(Collected data)
..........
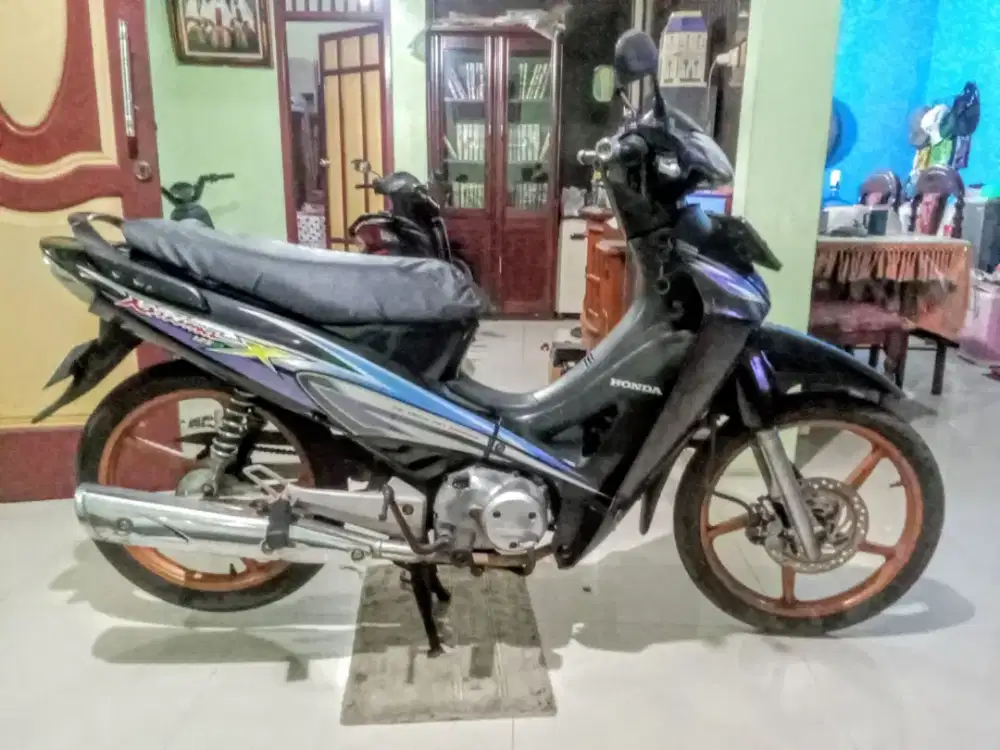 Dijual Honda kharisma x 125 thn 2006 mulus komplit pajak panjang DKI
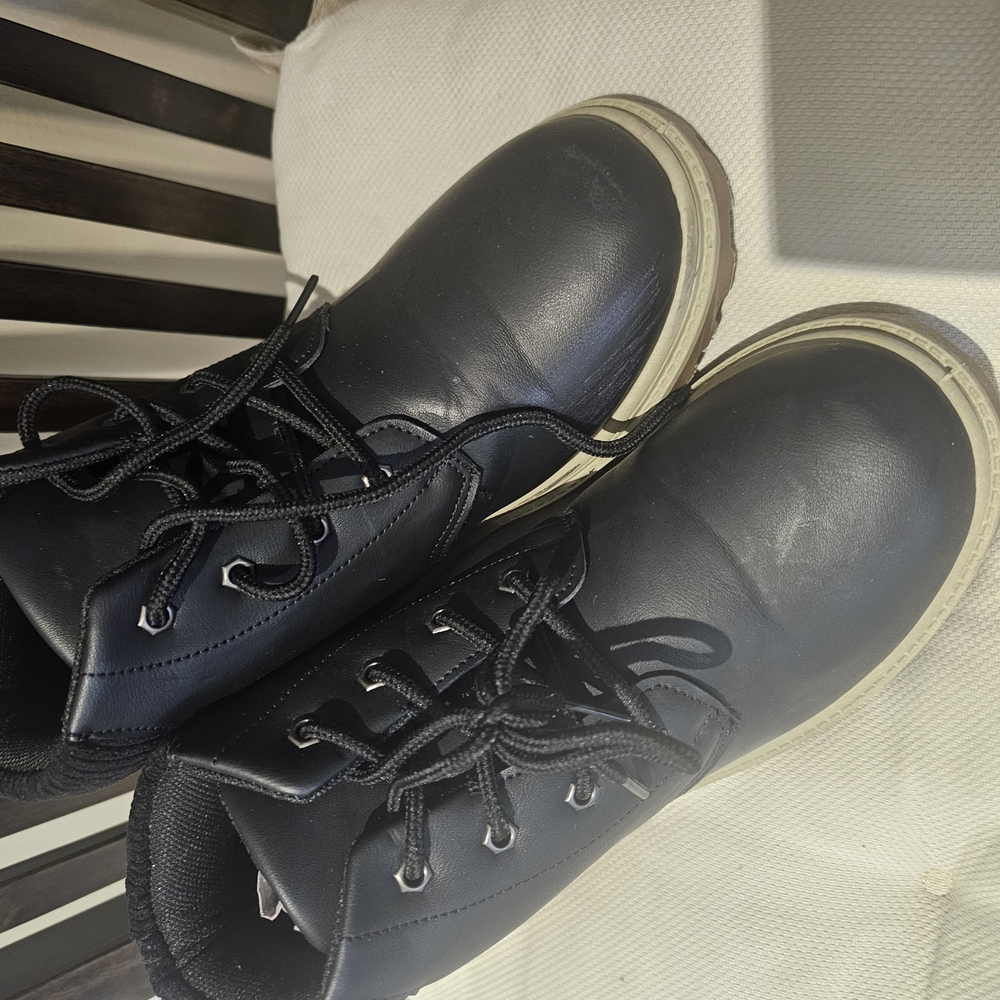 Black Lace-Up Boots
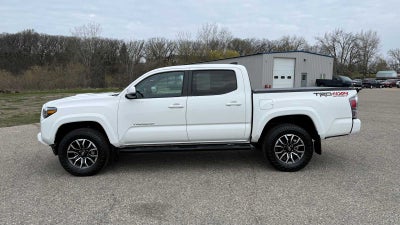 2022 Toyota Tacoma 4WD SR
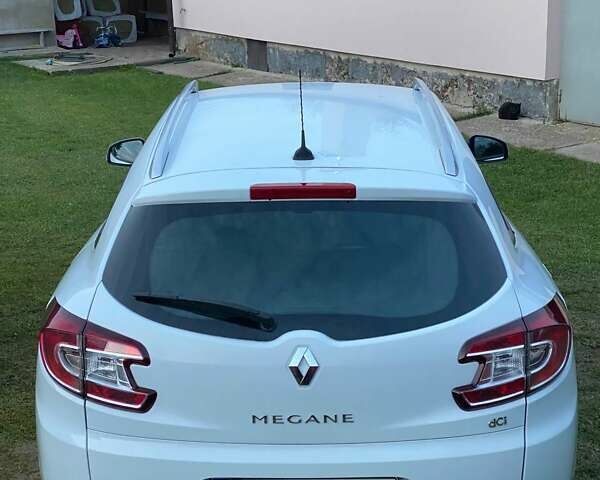 Білий Рено Меган, об'ємом двигуна 1.46 л та пробігом 244 тис. км за 8450 $, фото 3 на Automoto.ua
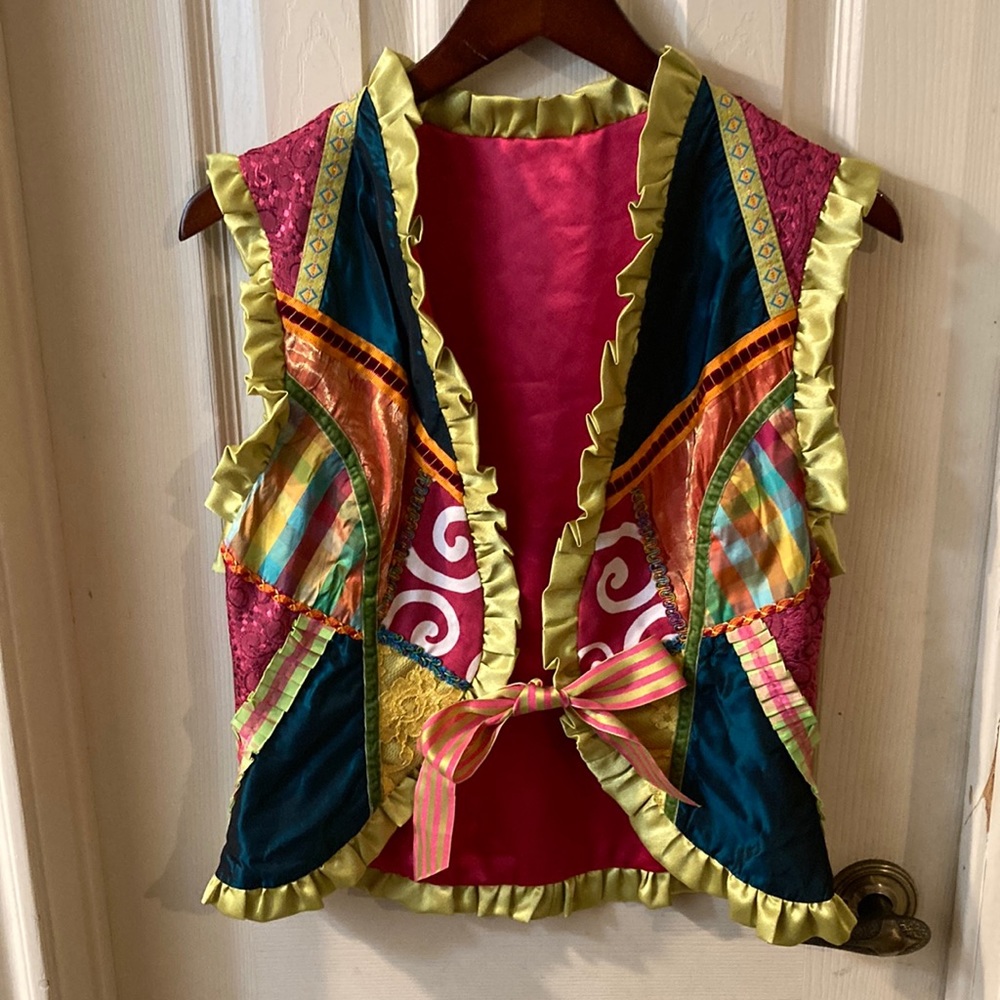 SIMPLY DETAILED VEST SIZE MEDIUM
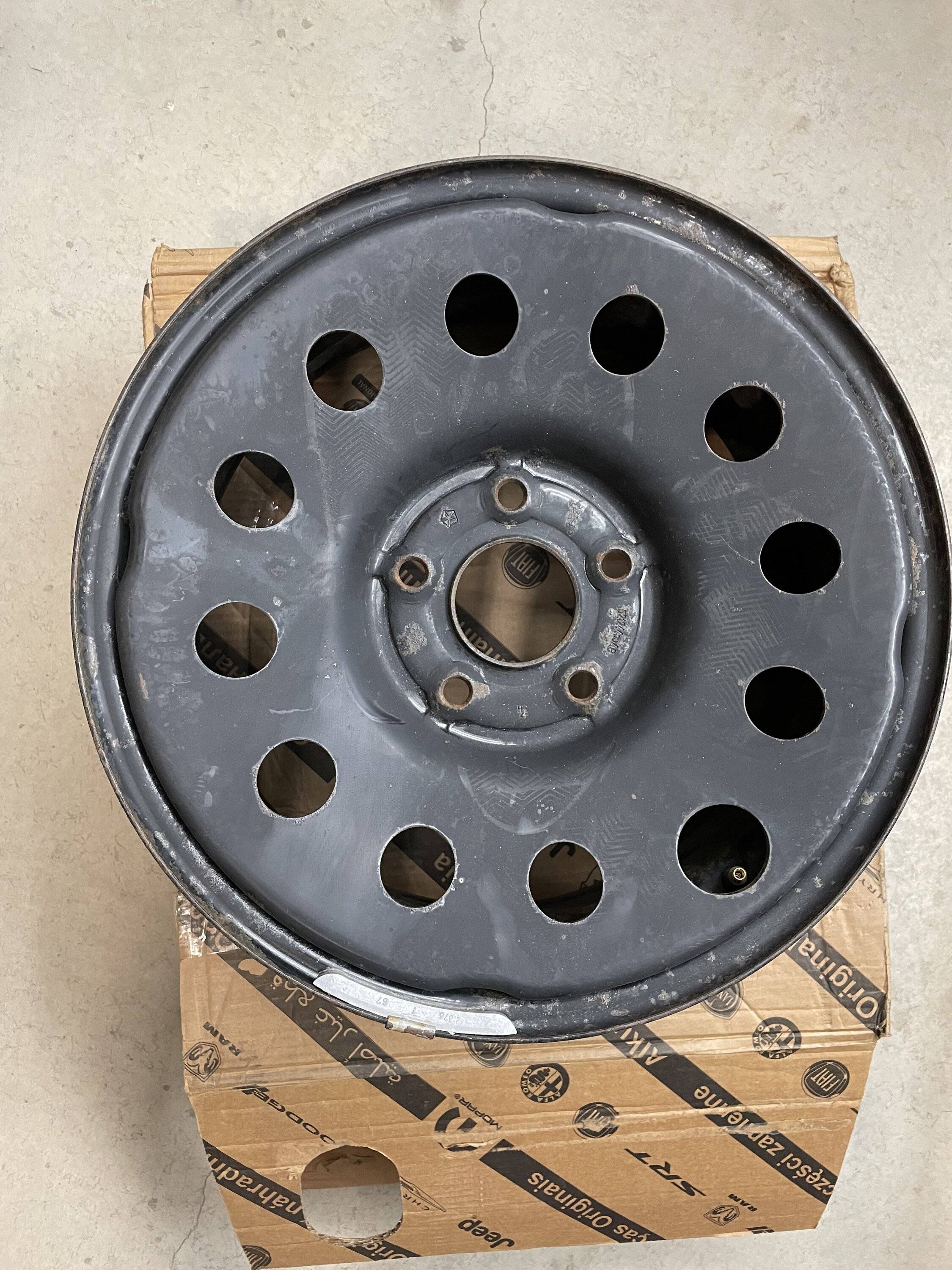 Jeep Wrangler JL 4 Mopar Steel Winter Wheels 4ECD5B3F-FADB-4DB0-91A8-91B65A002CDF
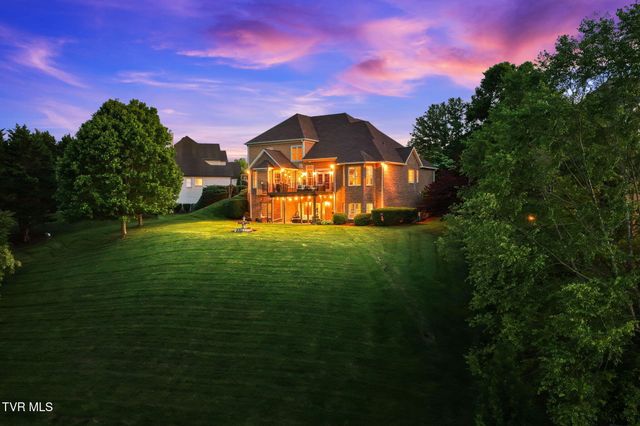 122 Sun Chase Court, Johnson City, TN 37615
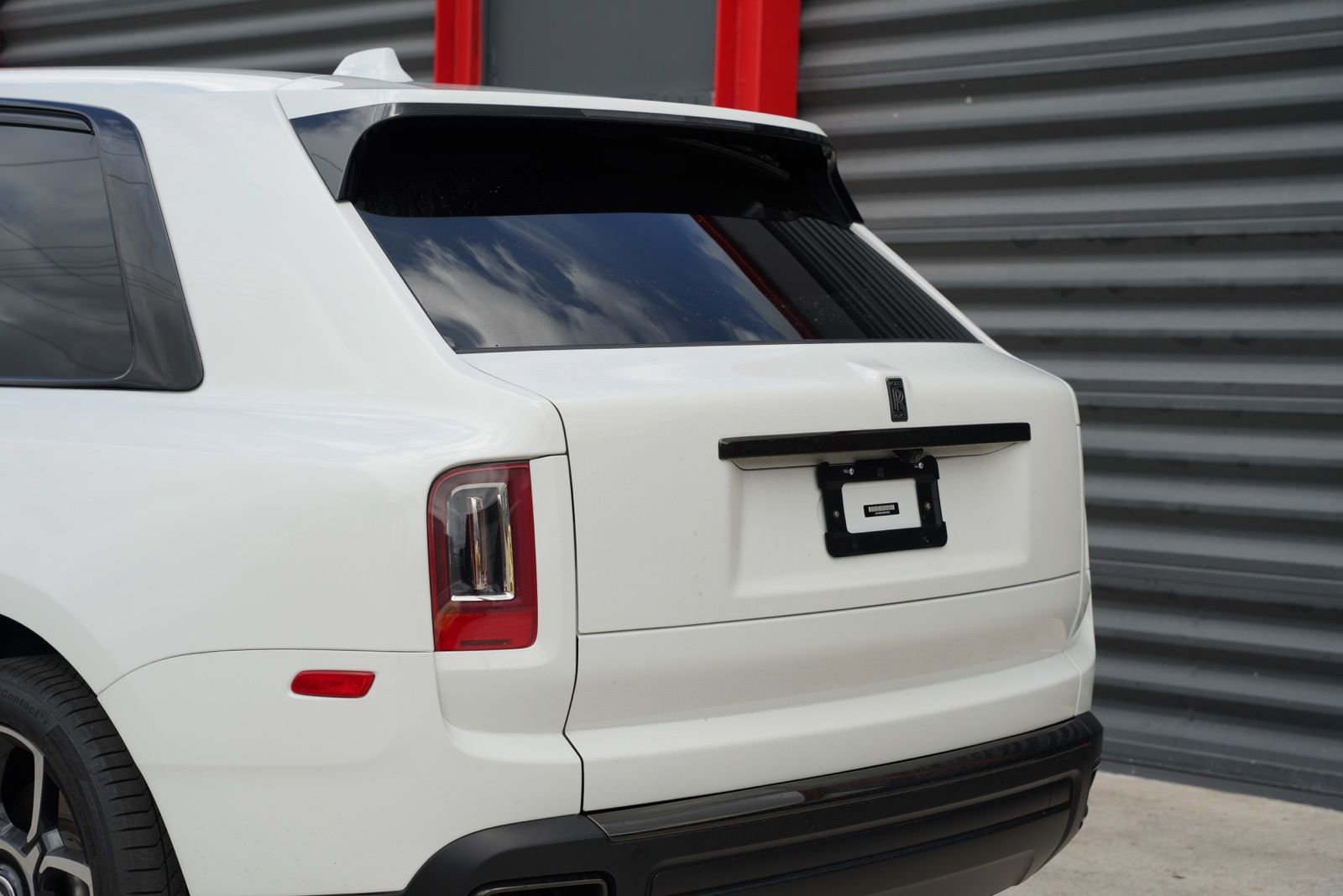 Used 2022 Rolls-Royce Cullinan Black Badge image 8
..........
▸ Your instructions:
Please set down exactly the lines from the one holding "SIMPLY DETAILED VEST SIZE MEDIUM" through the last line of the entries, both ends included, and skip pictures.

▸ Task answer:
 SIMPLY DETAILED VEST SIZE MEDIUM
 Jeep Wrangler JL 4 Mopar Steel Winter Wheels 4ECD5B3F-FADB-4DB0-91A8-91B65A002CDF
 122 Sun Chase Court, Johnson City, TN 37615
 Used 2022 Rolls-Royce Cullinan Black Badge image 8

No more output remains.